In totale si otterrebbe un risparmio annuo di lire 7.230.000.000 quale conseguenza della sola diminuzione del costo del personale (923 turni per giorno contro i 1000 occorrenti per una velocità di 12 Km/ora - 1227 autisti in forza contro 1330 e, quindi, 103 autisti x 60.000.000 costo annuo pro-capite) e degli autobus (30 autobus in meno per 350.000.000 diviso 10 anni = lire 1.050.000.000 x anno).

Crediamo che a questo punto possa cadere, almeno in gran parte l'argomento spesso invocato dell'eccessivo "costo del sistema".

Cadere almeno a livello di pregiudiziale al fine di poter affrontare con metodo e razionalità un problema che appare sempre più urgente: quello di riportare ordine nella grave situazione del "muoversi in città" e parallelamente rapportare i bilanci aziendali all'esigenza più volte riaffermata anche in sede Cispel del raggiungimento del loro equilibrio.

E' fuori di dubbio che il problema traffico o meglio, il problema della movimentazione delle persone, dell'inquinamento, dell'accettabilità dei sistemi di trasporto deve coinvolgere diversi elementi.

Principalmente la veicolazione automobilistica sia essa collettiva pubblica che individuale privata, i coordinatori e gestori del traffico, il cittadino residente o itinerante.

Pensare di risolvere l'uno o l'altro problema senza por mente alla necessità di una collettiva e contestuale informazione di ognuno dei soggetti coinvolti sia attraverso l'acquisizione continua dei dati e dell'evolversi del traffico, sia mediante tecniche comunicative ed informative puntuali; oppure pensare di elaborare e gestire un progetto di trasporto pubblico basandosi su dati vecchi e superati o, quantomeno, non continuamente aggiornati, potrebbe risultare velleitario.

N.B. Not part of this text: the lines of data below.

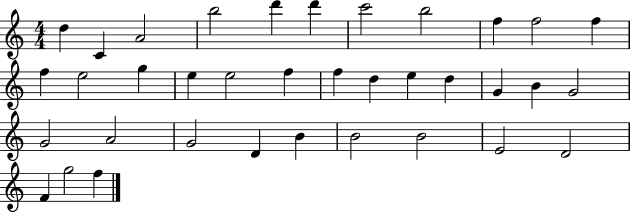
{
  \clef treble
  \numericTimeSignature
  \time 4/4
  \key c \major
  d''4 c'4 a'2 | b''2 d'''4 d'''4 | c'''2 b''2 | f''4 f''2 f''4 | \break f''4 e''2 g''4 | e''4 e''2 f''4 | f''4 d''4 e''4 d''4 | g'4 b'4 g'2 | \break g'2 a'2 | g'2 d'4 b'4 | b'2 b'2 | e'2 d'2 | \break f'4 g''2 f''4 | \bar "|."
}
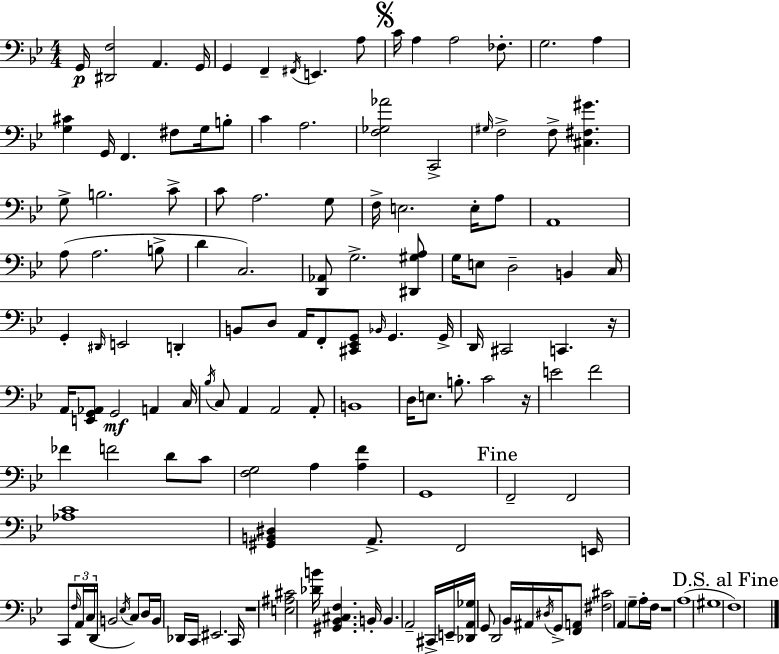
G2/s [D#2,F3]/h A2/q. G2/s G2/q F2/q F#2/s E2/q. A3/e C4/s A3/q A3/h FES3/e. G3/h. A3/q [G3,C#4]/q G2/s F2/q. F#3/e G3/s B3/e C4/q A3/h. [F3,Gb3,Ab4]/h C2/h G#3/s F3/h F3/e [C#3,F#3,G#4]/q. G3/e B3/h. C4/e C4/e A3/h. G3/e F3/s E3/h. E3/s A3/e A2/w A3/e A3/h. B3/e D4/q C3/h. [D2,Ab2]/e G3/h. [D#2,G#3,A3]/e G3/s E3/e D3/h B2/q C3/s G2/q D#2/s E2/h D2/q B2/e D3/e A2/s F2/e [C#2,Eb2,G2]/e Bb2/s G2/q. G2/s D2/s C#2/h C2/q. R/s A2/s [E2,G2,Ab2]/e G2/h A2/q C3/s Bb3/s C3/e A2/q A2/h A2/e B2/w D3/s E3/e. B3/e. C4/h R/s E4/h F4/h FES4/q F4/h D4/e C4/e [F3,G3]/h A3/q [A3,F4]/q G2/w F2/h F2/h [Ab3,C4]/w [G#2,B2,D#3]/q A2/e. F2/h E2/s C2/e F3/s A2/s C3/s D2/s B2/h Eb3/s C3/e D3/s B2/s Db2/s C2/s EIS2/h. C2/s R/w [E3,A#3,C#4]/h [Db4,B4]/s [G#2,Bb2,C#3,F3]/q. B2/s B2/q. A2/h C#2/s E2/s [Db2,A2,Gb3]/s G2/e D2/h Bb2/s A#2/s D#3/s G2/s [F2,A2]/e [F#3,C#4]/h A2/q G3/e A3/s F3/s R/w A3/w G#3/w F3/w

Lo stesso dicasi nei confronti dell'esigenza per gli amministratori di poter illustrare congruamente le esigenze delle loro aziende sia nei confronti della collettività che al tavolo della "discussione decisionale cittadina" allorquando provvedimenti interessanti altri comparti si riflettono inevitabilmente sul trasporto pubblico e sul suo bilancio.

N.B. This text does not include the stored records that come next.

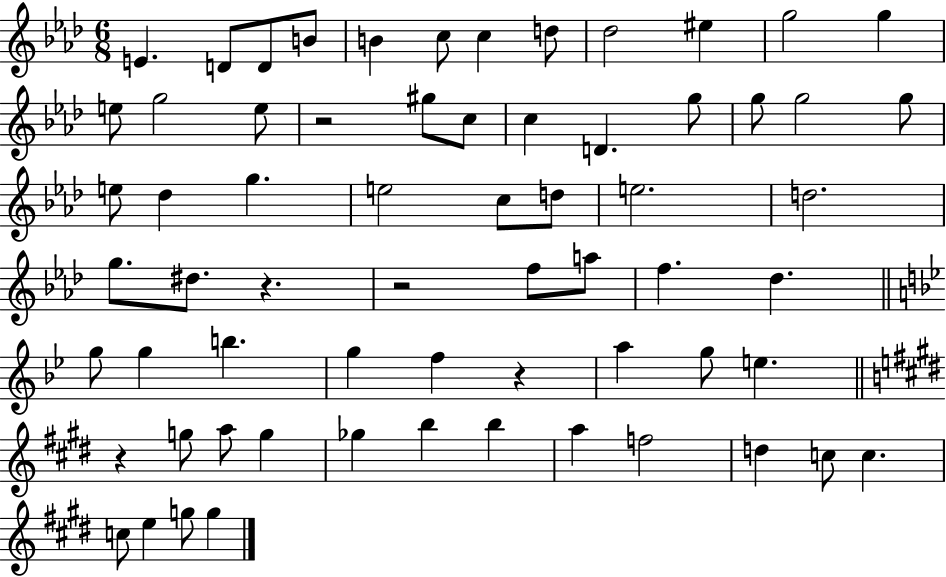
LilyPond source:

{
  \clef treble
  \numericTimeSignature
  \time 6/8
  \key aes \major
  \repeat volta 2 { e'4. d'8 d'8 b'8 | b'4 c''8 c''4 d''8 | des''2 eis''4 | g''2 g''4 | \break e''8 g''2 e''8 | r2 gis''8 c''8 | c''4 d'4. g''8 | g''8 g''2 g''8 | \break e''8 des''4 g''4. | e''2 c''8 d''8 | e''2. | d''2. | \break g''8. dis''8. r4. | r2 f''8 a''8 | f''4. des''4. | \bar "||" \break \key bes \major g''8 g''4 b''4. | g''4 f''4 r4 | a''4 g''8 e''4. | \bar "||" \break \key e \major r4 g''8 a''8 g''4 | ges''4 b''4 b''4 | a''4 f''2 | d''4 c''8 c''4. | \break c''8 e''4 g''8 g''4 | } \bar "|."
}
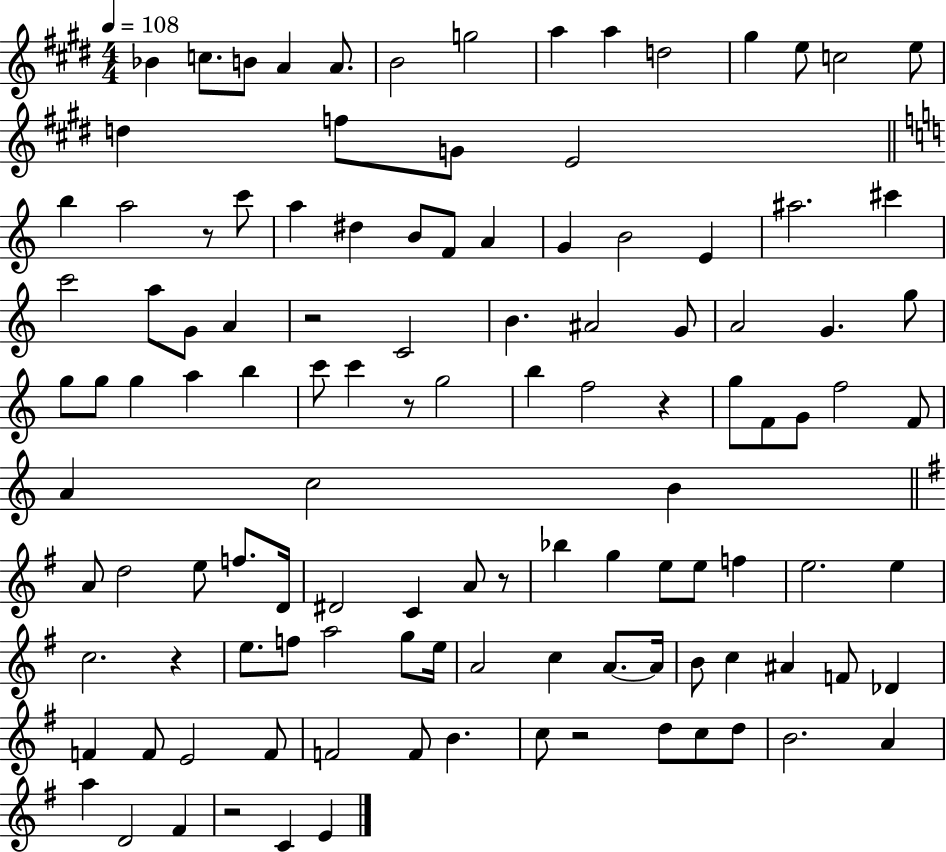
{
  \clef treble
  \numericTimeSignature
  \time 4/4
  \key e \major
  \tempo 4 = 108
  bes'4 c''8. b'8 a'4 a'8. | b'2 g''2 | a''4 a''4 d''2 | gis''4 e''8 c''2 e''8 | \break d''4 f''8 g'8 e'2 | \bar "||" \break \key c \major b''4 a''2 r8 c'''8 | a''4 dis''4 b'8 f'8 a'4 | g'4 b'2 e'4 | ais''2. cis'''4 | \break c'''2 a''8 g'8 a'4 | r2 c'2 | b'4. ais'2 g'8 | a'2 g'4. g''8 | \break g''8 g''8 g''4 a''4 b''4 | c'''8 c'''4 r8 g''2 | b''4 f''2 r4 | g''8 f'8 g'8 f''2 f'8 | \break a'4 c''2 b'4 | \bar "||" \break \key g \major a'8 d''2 e''8 f''8. d'16 | dis'2 c'4 a'8 r8 | bes''4 g''4 e''8 e''8 f''4 | e''2. e''4 | \break c''2. r4 | e''8. f''8 a''2 g''8 e''16 | a'2 c''4 a'8.~~ a'16 | b'8 c''4 ais'4 f'8 des'4 | \break f'4 f'8 e'2 f'8 | f'2 f'8 b'4. | c''8 r2 d''8 c''8 d''8 | b'2. a'4 | \break a''4 d'2 fis'4 | r2 c'4 e'4 | \bar "|."
}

I moderni sistemi di monitoraggio consentono oggi e in maniera ecomicamente interessante, di modificare il modo di fare ed offrire trasporto pubblico.

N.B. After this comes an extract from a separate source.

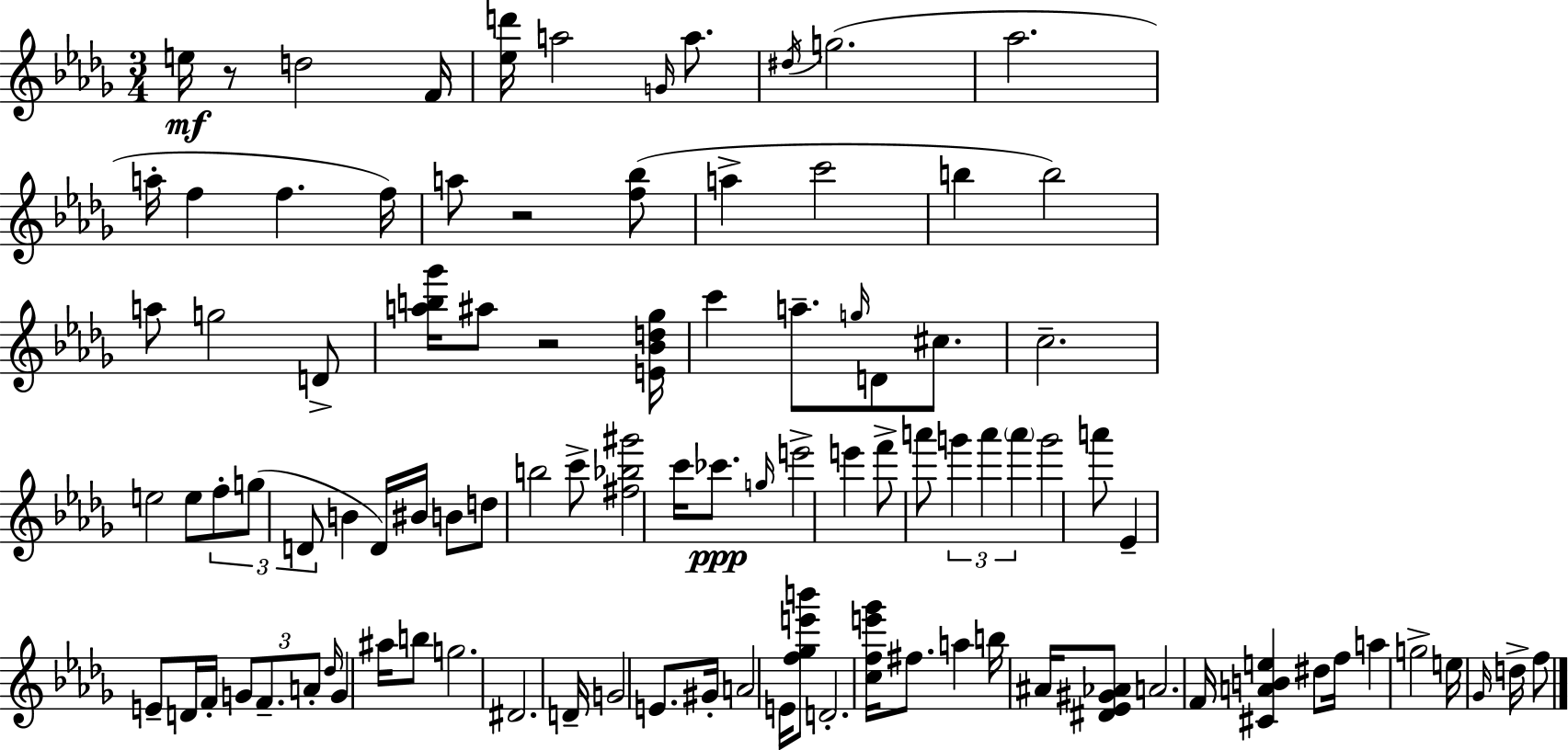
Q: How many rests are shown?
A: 3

Acquisire dati e gestire il servizio può essere utile non solo all'azienda, anche se questo potrebbe già essere sufficiente, ma potrebbe dimostrarsi assai prezioso per l'intera città.

Occorre infatti valutare come solo un servizio certo ed affidabile possa contribuire ad abbattere i costi indotti sopportati dalla collettività e ridare al servizio di trasporto pubblico quella credibilità ed accettabilità in oggi assai discussa.